WHAT THE TASK ASKS
Exclude the pictures, then repeat the remaining data exactly.

DATA PROVIDED
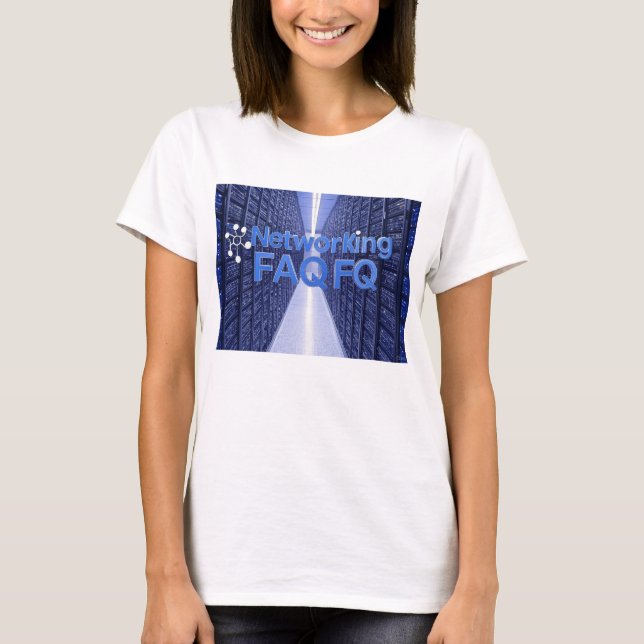 Camiseta Perguntas frequentes sobre a rede (Frente)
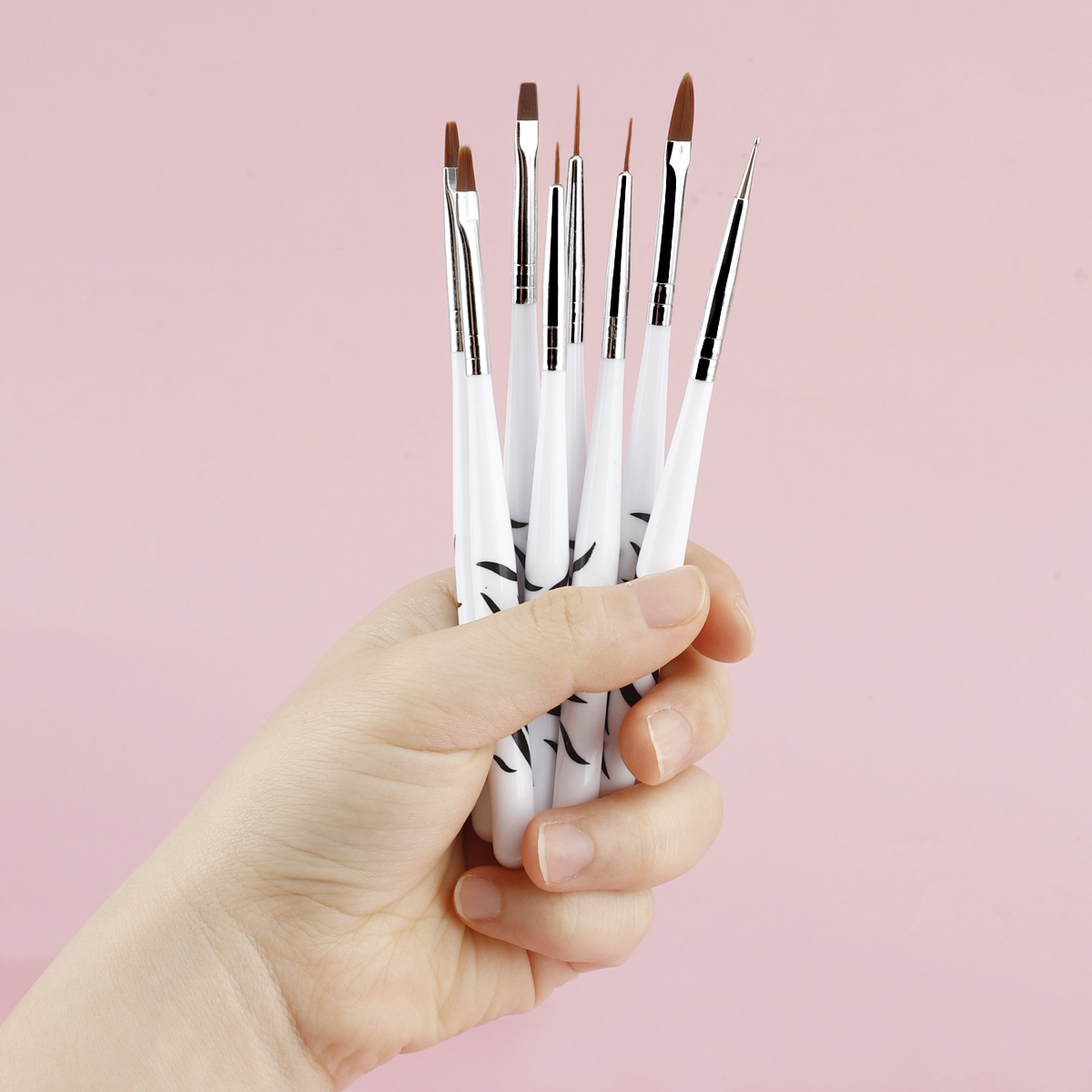 얼룩말 손잡이 네일 브러쉬 세트 (네일 아트 디자인 매 - Nail Art Zebra 리뷰 및 가격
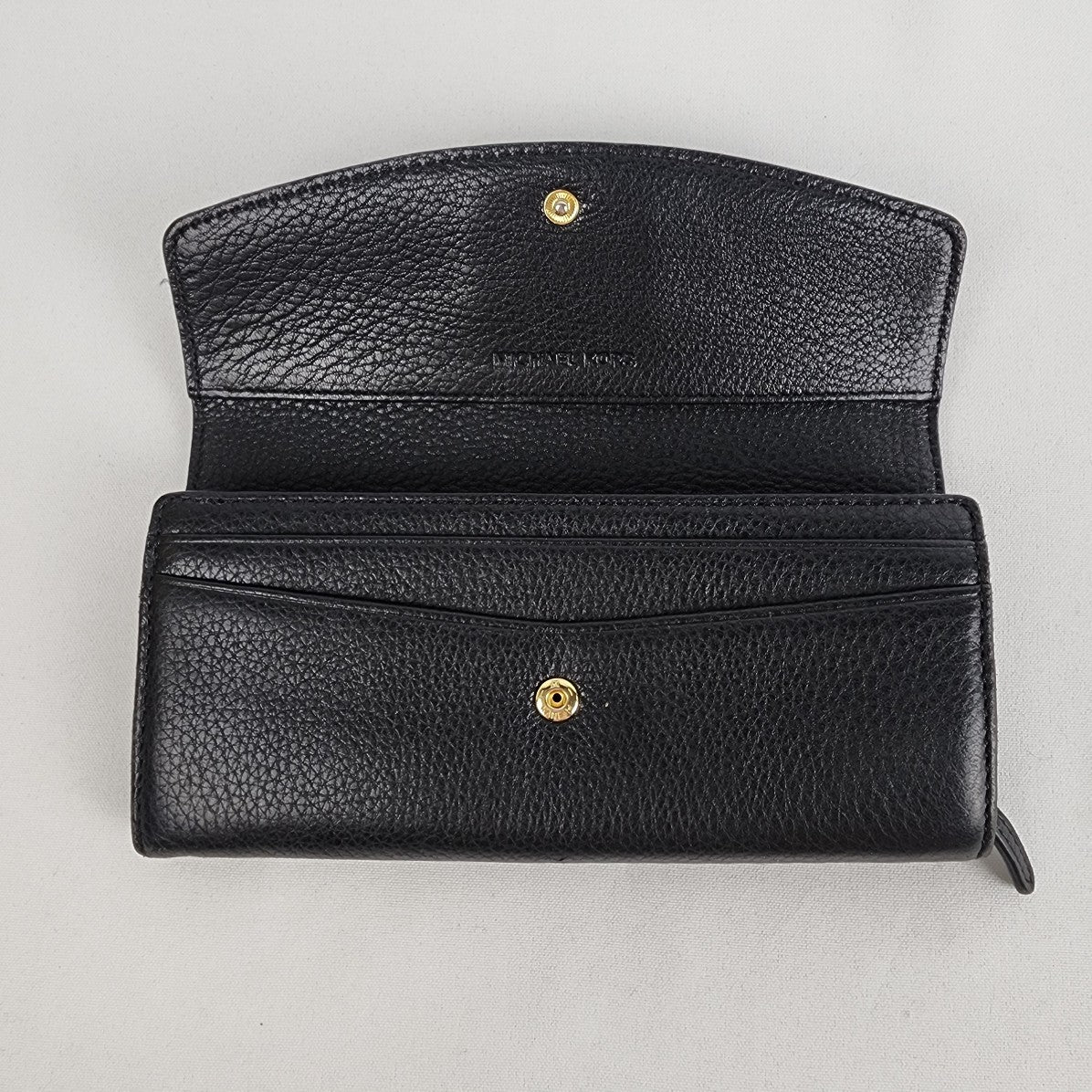 Mk black leather wallet hotsell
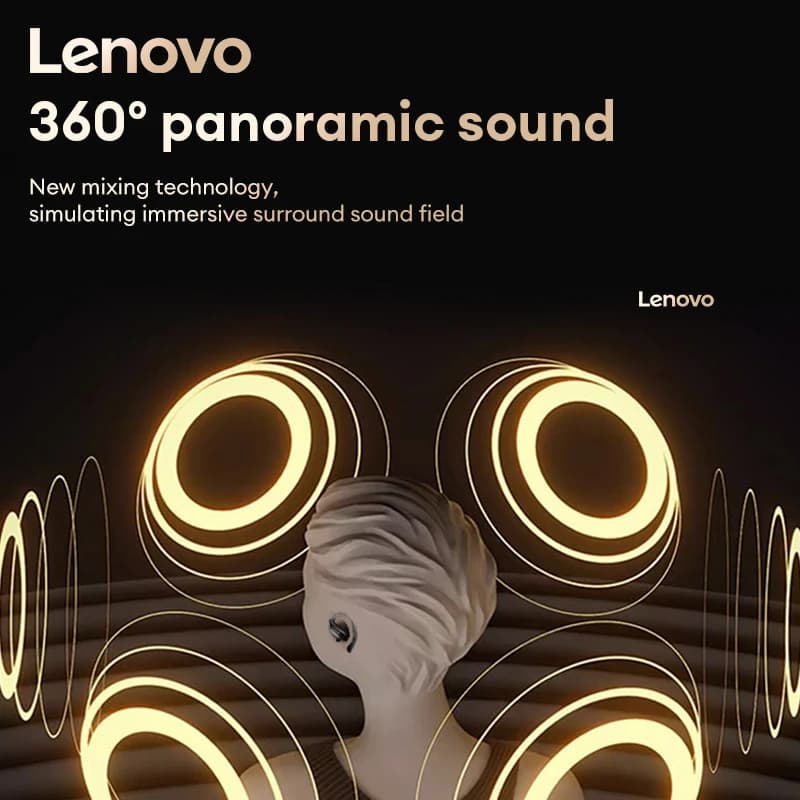 سماعات رأس لينوفو EA305 OWS بلوتوث 5.4 لاسلكية مع ميكروفون للتحكم باللمس بطارية طويلة الأمد سماعات ألعاب مقاومة للماء للرياضيين - 4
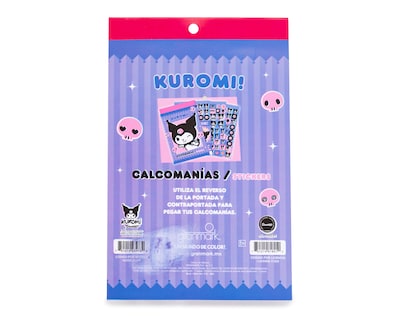 Foto 2 | Foto 2 | Stickers Kuromi 6 Hojas
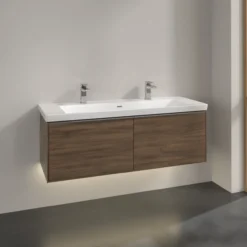 V&b subway 3.0 servantskap 127x42 arizona oak m/lys håndtak i krom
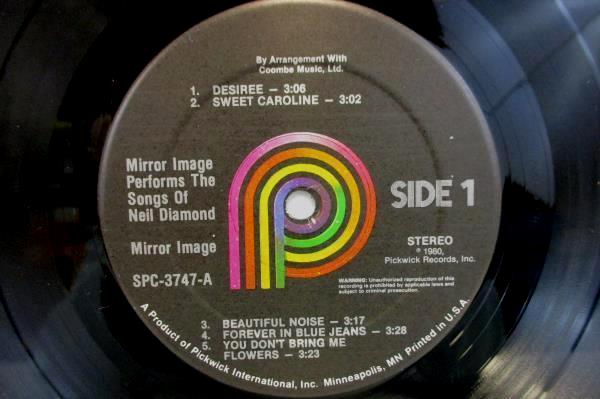 Mirror Image Performs the Songs of Neil Diamond LP 33 RPM Vinyl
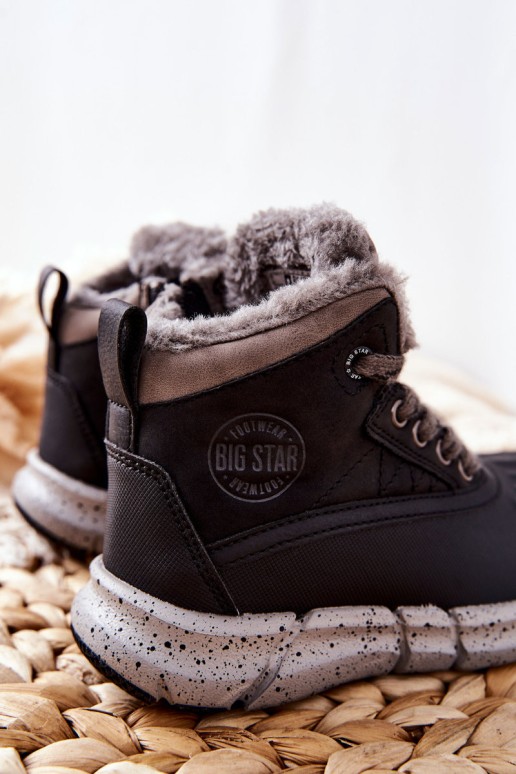 „Big Star II374074“ vaikiški izoliuoti batai, juodi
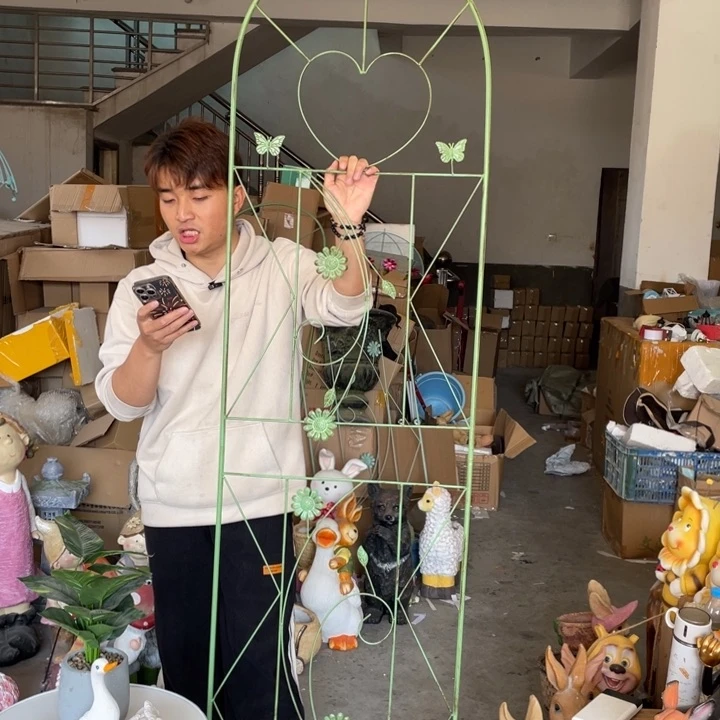 【闪购商品】陶瓷摆件绿色爬藤架摆件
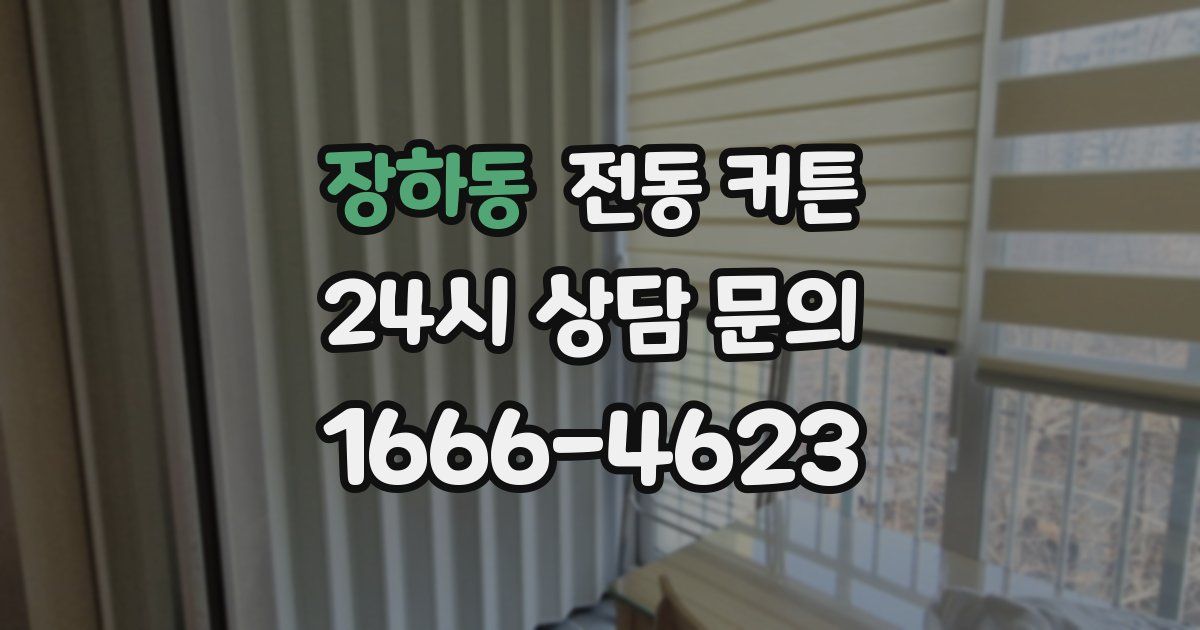 장하동 전동 커튼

FINAL ANSWER
 Camiseta Perguntas frequentes sobre a rede (Frente)
 얼룩말 손잡이 네일 브러쉬 세트 (네일 아트 디자인 매 - Nail Art Zebra 리뷰 및 가격
 Mk black leather wallet hotsell
 سماعات رأس لينوفو EA305 OWS بلوتوث 5.4 لاسلكية مع ميكروفون للتحكم باللمس بطارية طويلة الأمد سماعات ألعاب مقاومة للماء للرياضيين - 4
 Foto 2 | Foto 2 | Stickers Kuromi 6 Hojas
 V&b subway 3.0 servantskap 127x42 arizona oak m/lys håndtak i krom
 Mirror Image Performs the Songs of Neil Diamond LP 33 RPM Vinyl
 „Big Star II374074“ vaikiški izoliuoti batai, juodi
 【闪购商品】陶瓷摆件绿色爬藤架摆件
 장하동 전동 커튼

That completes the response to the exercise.